Keep it simple to start with
If you’re new to running, this is not the time for marginal gains. You probably don’t need the latest super shoes, superfoods and cutting-edge kit. Ditto for your training sessions. There’s no need to perform Kipchoge’s favourite speed session to ship a few pounds; regular, enjoyable movement should be the aim.
‘When it comes to weight loss, moving and burning calories are what matters,’ says O’Connor. ‘If you like sprints, which have a higher rate of calories burned per minute, then go for it. But, if you prefer walking or slower jogging, you’ll just need to spend more time doing this to burn those calories.’
That said, a study published in Medicine & Science in Sports & Exercise found that runners lost more weight than walkers over a six-year period, possibly because of the afterburn effect. ‘Running at a high intensity will create an afterburn, which is when your body continues to burn calories when you’re no longer moving,’ says Rubin.
Mix it up
So, you’ve started running and established a routine. Congrats! That’s the hardest part. Now your challenge is to continue to challenge your body (and mind) by progressing your training.
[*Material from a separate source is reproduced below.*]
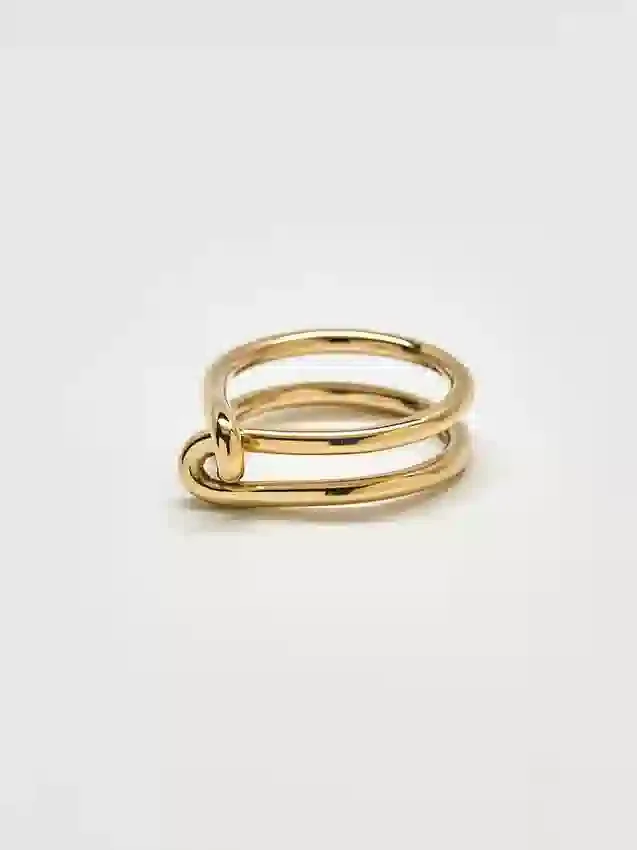 Admiral Row gouden ring met dubbele knoop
If you’ve been running same 5K route at the same pace, for the same number of days a week for months on end, you’ll likely find that your weight soon stabilises –something that can be disheartening and frustrating if you still have weight to lose.
When this happens, it’s worth clarifying that you are still burning calories when you run – you just won’t be burning as many calories as you did when you first started running.
What to do? Increase the intensity or volume of your training. This could mean adding a mile or two to your weekly long run. Or you could try adding in some quicker running via an interval session, tempo run or hill workout. In other words, anything that constitutes more than you did before, and which can stimulate greater calorie burn.
Embrace strength training
Strength training might not seem conducive to losing weight, but it can be. ‘The more lean muscle mass you have, the more calories you’ll burn at rest,’ says Rubin. That’s an eye-opener in itself – more muscle means more calories used when you’re just sitting around.
Whether you choose to lift weights in the gym or do bodyweight exercises at home, strength training is a good way to supplement your running – and you don’t even need to wield the heaviest weights to see and feel the results.
A study published in the Journal of Strength and Conditioning Research found that muscle size increased equally in groups who lifted either lighter weights for more repetitions or heavier weights for fewer repetitions.
Strength training also has the benefit of making you more robust, increasing the chances of you staying injury-free. That’s crucial because, when it comes to running and weight loss, it’s steady consistency that wins in the long run.